説明

操縦安定性能改良方法

【課題】車両のサスペンションを構成するダンパーの動作速度が微低速であっても、ダンパーを滑らかに動作させて、車両の操縦安定性能を改良する操縦安定性能改良方法を提供する。
【解決手段】車両に装着されるダンパーのフリクションを変化させて車両の操縦安定性能を改良する操縦安定性能改良方法であって、ダンパーと電気的に導通する車両の一部に設けられる電気ノイズ印加手段によりダンパーに電気ノイズを印加して操縦安定性能を改良する。

【発明の詳細な説明】
【技術分野】
【0001】
本発明は、車両の操縦安定性能改良方法に関し、特に、車両の備えるダンパーのフリクションを変化させることで車両の操縦安定性能を改良する方法に関する。
【背景技術】
【0002】
従来、車両のサスペンションは、車体を支持するスプリングと、スプリングによる振動を減衰させるためのダンパーとを組み合わせた構造が知られている。
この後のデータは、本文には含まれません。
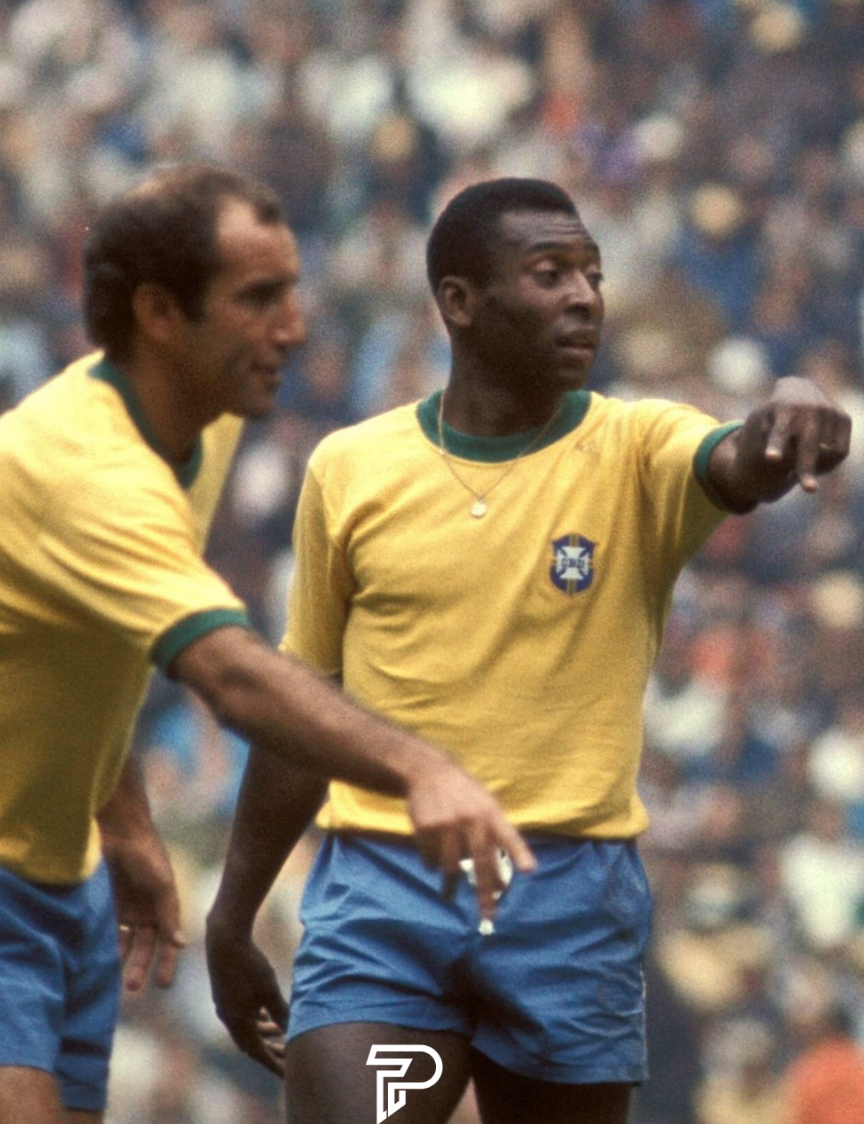 Pelé nhiều lần thi đấu với dây chuyền nhỏ đeo sát cổ - hình ảnh quen thuộc của bóng đá thập niên 1960-1970.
ダンパーは、作動流体としてのオイルが封入されたシリンダと、シリンダ内を移動するピストンと、ピストンに取り付けられたダンパーロッドと、シリンダ内に封入されたオイルの漏れを防止するためにシリンダとダンパーロッドの間をシールするオイルシールとにより構成されている。
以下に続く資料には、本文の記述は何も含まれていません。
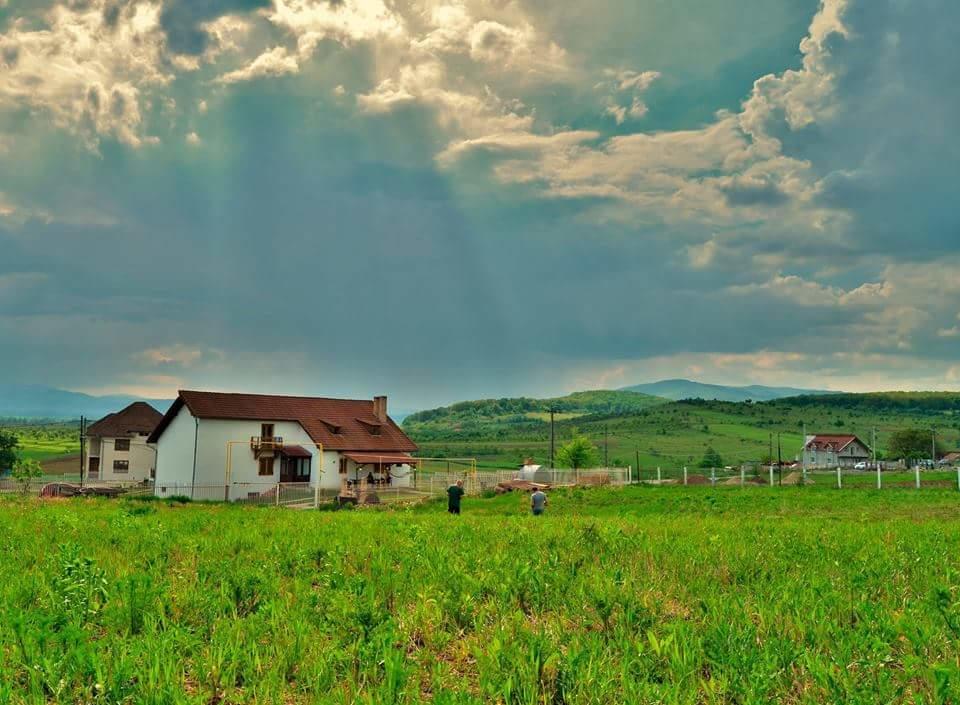 Vila Tara Hategului Экстерьер фото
ところが、ダンパーの初動域では、ダンパーロッドにある程度の力が作用しないと動作しにくいことが知られている。
特に、ダンパーの動作速度が微低速の場合、ダンパーのオイルシールとダンパーロッドとが摺動するためには、摩擦力の大きい静摩擦から摩擦力の小さい動摩擦へ移行する必要があり、大きな力を必要とする。即ち、ダンパーロッドに大きな力が作用することによってオイルシールと摺動するため、ダンパーロッドがオイルシールに対して滑らかに摺動するまでは、車両の操縦安定性能や乗り心地を損なってしまう虞がある。
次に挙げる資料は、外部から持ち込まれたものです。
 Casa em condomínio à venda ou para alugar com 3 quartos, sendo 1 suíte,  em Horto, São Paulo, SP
このような問題を解決するため、特許文献には、オイルシールとダンパーロッドとの関係において、ダンパーロッドに対するオイルシールの締め付けを可能とする高分子アクチュエータを設け、高分子アクチュエータの作動によってオイルシールによるダンパーロッドの締め付け力を制御し、オイルシールとダンパーロッドとの間の摩擦特性をダンパーロッドの動作速度に応じて可変とし、操縦安定性能及び乗り心地を改良するダンパー装置が開示されている。
【0003】
また、特許文献のダンパー装置によれば、オイルシールとダンパーロッドとの間の摩擦力を力学的に制御することによって、微低速域からのダンパーの動作性能を向上させているが、オイルシール自体の構造が複雑化するため、高分子アクチュエータや高分子アクチュエータを制御する制御装置に故障が生じた場合、車両の操縦性に影響を及ぼし、操縦安定性能や乗り心地を悪化させる要因となってしまう虞がある。
【先行技術文献】
【特許文献】
【0004】
【特許文献1】特開2009−168047号公報
【発明の概要】
【発明が解決しようとする課題】
【0005】
本発明は、上記課題を解決するため、車両のサスペンションを構成するダンパーの動作速度が微低速であっても、ダンパーを滑らかに動作させて、車両の操縦安定性能を改良する方法を提供することを目的とする。
【課題を解決するための手段】
【0006】
前記課題を解決するための方法として、車両に装着されるダンパーのフリクションを変化させて車両の操縦安定性能を改良する方法であって、ダンパーと電気的に導通する車両の一部に設けられる電気ノイズ印加手段によりダンパーに電気ノイズを印加するようにした。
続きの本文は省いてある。